Off to the South Bank last night in the eye of a raging storm. We were off to see Frisky and Mannish at Udderbelly. We see a lot of cabaret which makes us a bit jaded and somewhat fussy.  I had heard good things about this pair and enjoyed the show. Frisky is the lady of the duo, curvy,schoomistressy and plummy she has a stonking voice. Her partner, Frisky, is slight, provides musical accompaniment and apt comment. There is no ‘straight’man, the couple are very much performers in tandem. The performance itself is high camp and barbs directed at the world of pop and delivered using the pairs comic timing, Frisky’s voice and some audience participation.

It helps to know your pop music but barbs were well delivered and the victims deserving. I am not a fan of Florence and the Machine and enjoyed the deconstruction of her ouvre immensely. Other highlights included a music hall version of the Pussycat Dolls and a performance encompassing all the ‘ages’ of Madonna. 

I liked the purple cow tent, inside it was an intimate space and all the seating was close to the performers.  Outside there is a mini-pleasure garden with small wooden pagodas, heated seating, a connect four game, table football and a bar. A much nicer place to wait for entry than queuing on the street or being shoehorned into a theatre bar. It was curious watching the performance with such a 'vanilla' crowd but they were really responsive, the suits were not lager louty and some seemed to be repeat viewers of the performers so it was fine.

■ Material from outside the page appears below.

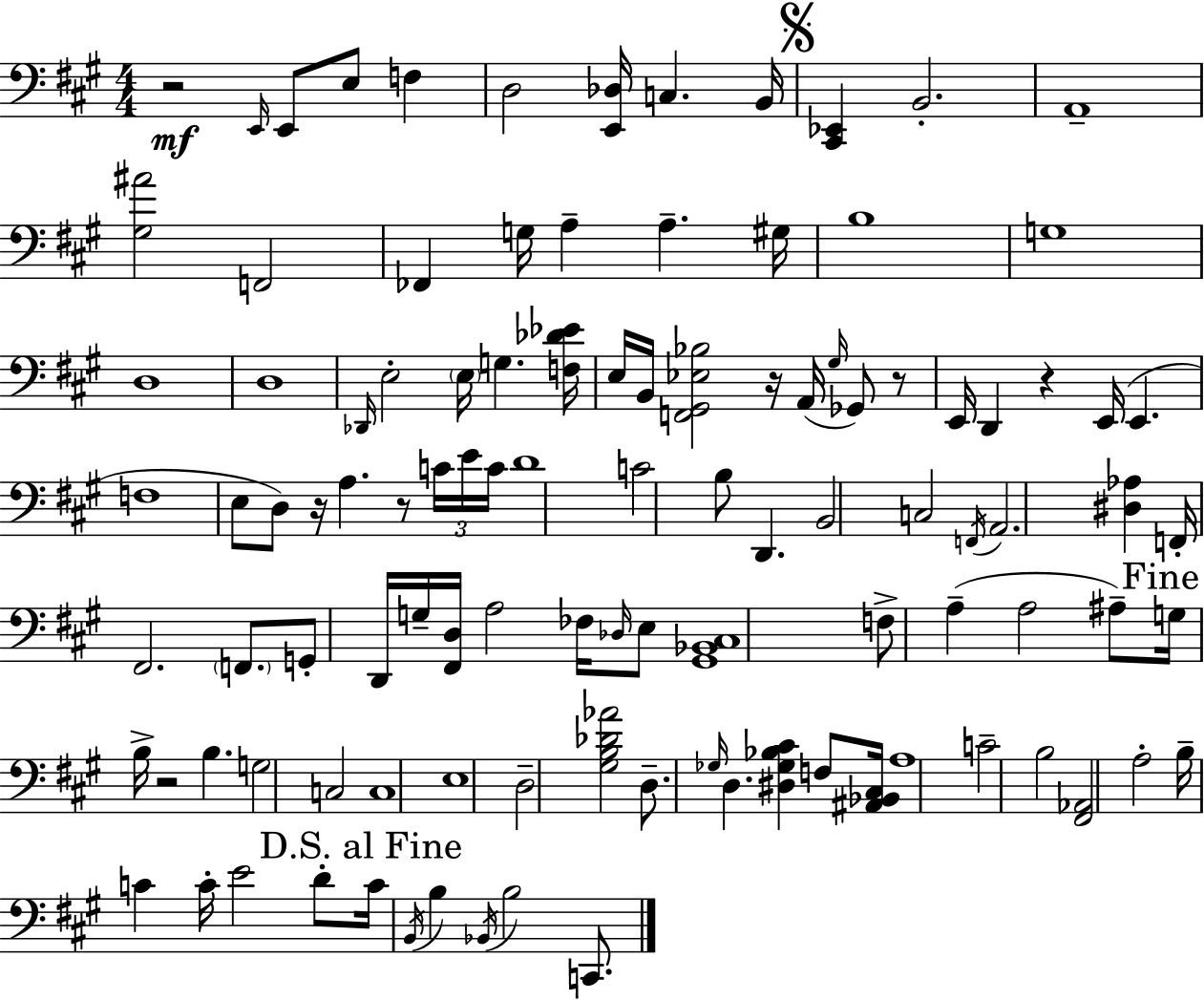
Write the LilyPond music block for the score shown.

Frisky and Mannish are on again at Udderbelly on the 7th June, 

Redlegs has a suggestion for a nice night out on the South Bank, especially sans thunderstorm:
Early dinner at Canteen under the Festival Hall.
Quick wander around the Festival of Britain display in the Festival Hall.
Quick drink in the Udderbelly  Garden.
Performance at Udderbelly.



http://www.underbelly.co.uk/webpages/southbank/

Thursday, 26 May 2011

I hate this photograph...

Very few can have failed to notice the Obama circus travelling through Europe. I’m not a fantastic Obama fan. Yes it is nice that someone with partial non-white ancestry was elected. It was nice that a woman became Prime Minister here, except that sadly it was Margaret Thatcher. I still feel that Hilary Clinton would have been more able, efficient and less glib. Still at least he is not a Republican.. Politics aside though a particular photograph has been annoying me to bits.

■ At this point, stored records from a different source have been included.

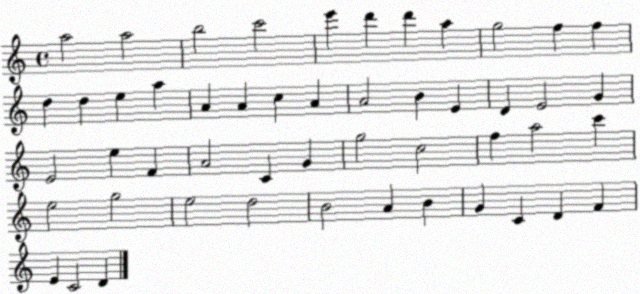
X:1
T:Untitled
M:4/4
L:1/4
K:C
a2 a2 b2 c'2 e' d' d' a g2 f f d d e a A A c A A2 B E D E2 G E2 e F A2 C G g2 c2 f a2 c' e2 g2 e2 d2 B2 A B G C D F E C2 D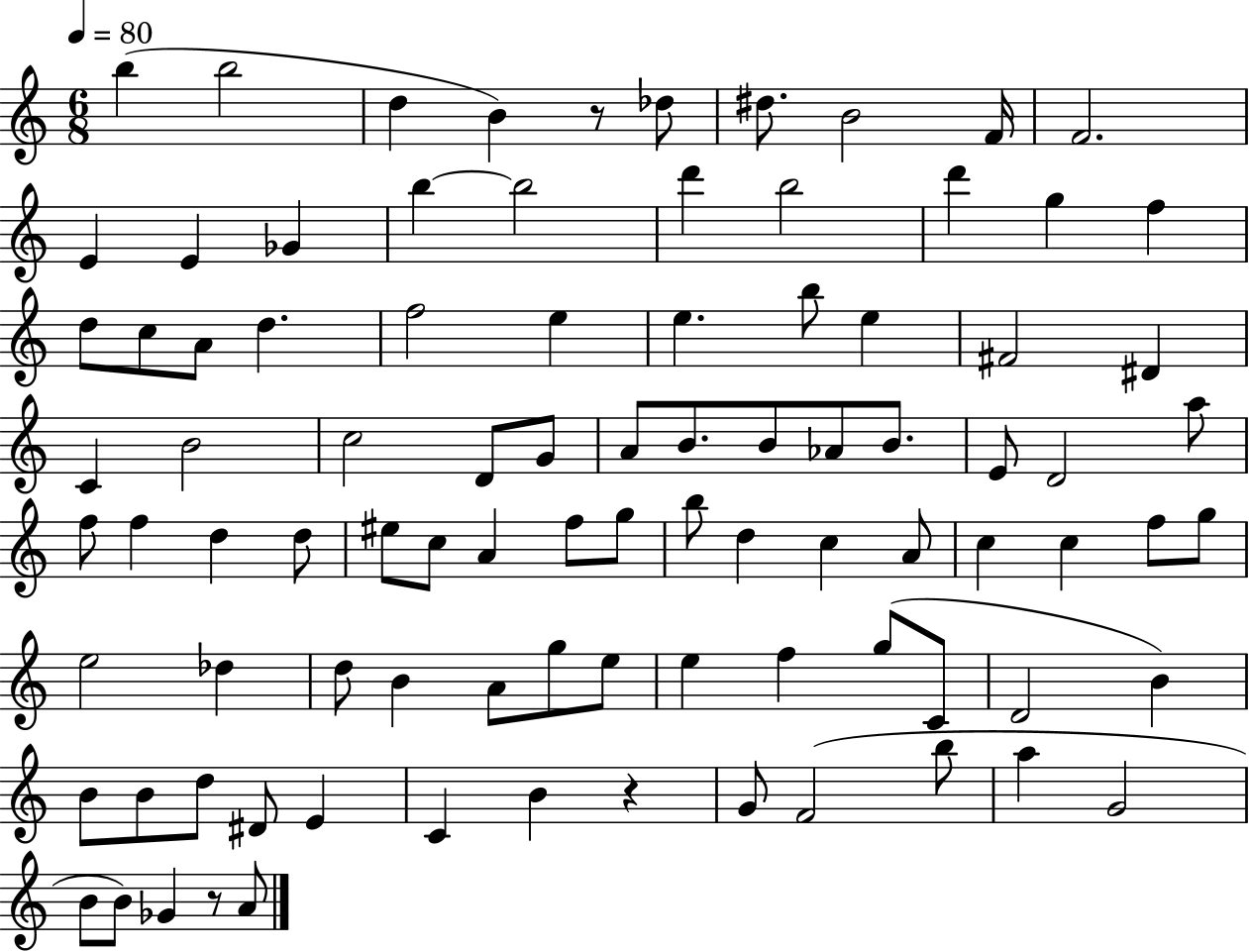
B5/q B5/h D5/q B4/q R/e Db5/e D#5/e. B4/h F4/s F4/h. E4/q E4/q Gb4/q B5/q B5/h D6/q B5/h D6/q G5/q F5/q D5/e C5/e A4/e D5/q. F5/h E5/q E5/q. B5/e E5/q F#4/h D#4/q C4/q B4/h C5/h D4/e G4/e A4/e B4/e. B4/e Ab4/e B4/e. E4/e D4/h A5/e F5/e F5/q D5/q D5/e EIS5/e C5/e A4/q F5/e G5/e B5/e D5/q C5/q A4/e C5/q C5/q F5/e G5/e E5/h Db5/q D5/e B4/q A4/e G5/e E5/e E5/q F5/q G5/e C4/e D4/h B4/q B4/e B4/e D5/e D#4/e E4/q C4/q B4/q R/q G4/e F4/h B5/e A5/q G4/h B4/e B4/e Gb4/q R/e A4/e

                                                                            Photo Copyright  White House

Why on earth are the wives pictured sitting on a sofa in front of a kitchen? Michelle Obama is a Harvard educated lawyer, Samantha Cameron the daughter of a Baronet and an executive for a high end fashion accessory company. Both are married to their nation’s political leaders.  So why are these women sat in front of pots and pans? How about showing the men standing in front of a lawn mower with a shed in the background? or in front of a garage, tools on the wall and the bonnet of a Volvo open? Because it would be frankly ridiculous and actually this photograph of Michelle Obama and Samantha Cameron is also ridiculous, the only reason for this being less blatant is simply sexism.

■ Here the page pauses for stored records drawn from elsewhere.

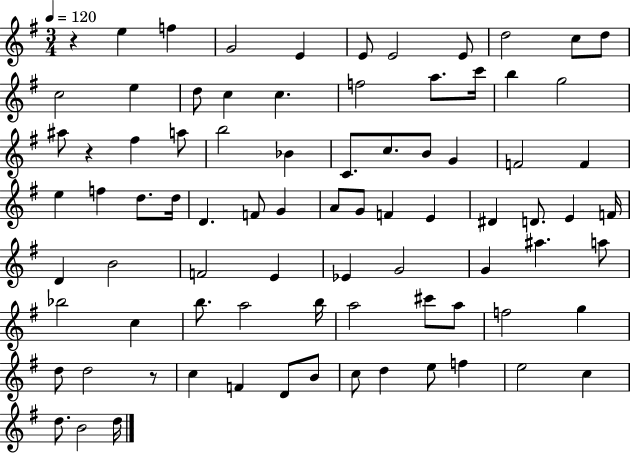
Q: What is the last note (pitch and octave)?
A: D5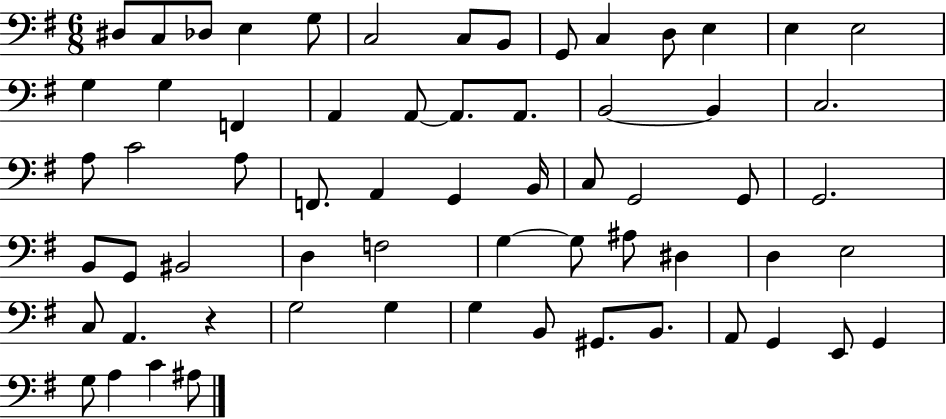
X:1
T:Untitled
M:6/8
L:1/4
K:G
^D,/2 C,/2 _D,/2 E, G,/2 C,2 C,/2 B,,/2 G,,/2 C, D,/2 E, E, E,2 G, G, F,, A,, A,,/2 A,,/2 A,,/2 B,,2 B,, C,2 A,/2 C2 A,/2 F,,/2 A,, G,, B,,/4 C,/2 G,,2 G,,/2 G,,2 B,,/2 G,,/2 ^B,,2 D, F,2 G, G,/2 ^A,/2 ^D, D, E,2 C,/2 A,, z G,2 G, G, B,,/2 ^G,,/2 B,,/2 A,,/2 G,, E,,/2 G,, G,/2 A, C ^A,/2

I’m not denigrating women who are housewives or raise children, nor am I having a pop at gardeners or mechanics. It is true that both women are mothers and I imagine they can run up an omelette. Possibly the men are both handy with a black and decker drill and can change a nappy. I accept that the women are in the limelight because of their spouses rather than their own merits. But that is just it, they are in the limelight.  And no matter how shiny the pans, or artfully middle middle class that room is the fact remains that they are pictured in the natural casually assumed realm of women: the kitchen, the domestic, the constrained.  This is just the environment women have fought to have the choice to distance themselves from and these two women have chosen to identify themselves with it.  Mind you it may be a result of the Cameron’s continuing doomed efforts to hide their silver spoons and here, literally and metaphorically, replace them with ordinary pots and pans. The Obama’s may not have designed these photo opportunities.  Certainly when I saw Michelle Obama with the London schoolgirls at Oxford her entirely admirable admonishments to achieve and declaration of her ambition for her own girls sat ill with this mimsy photo-opportunity.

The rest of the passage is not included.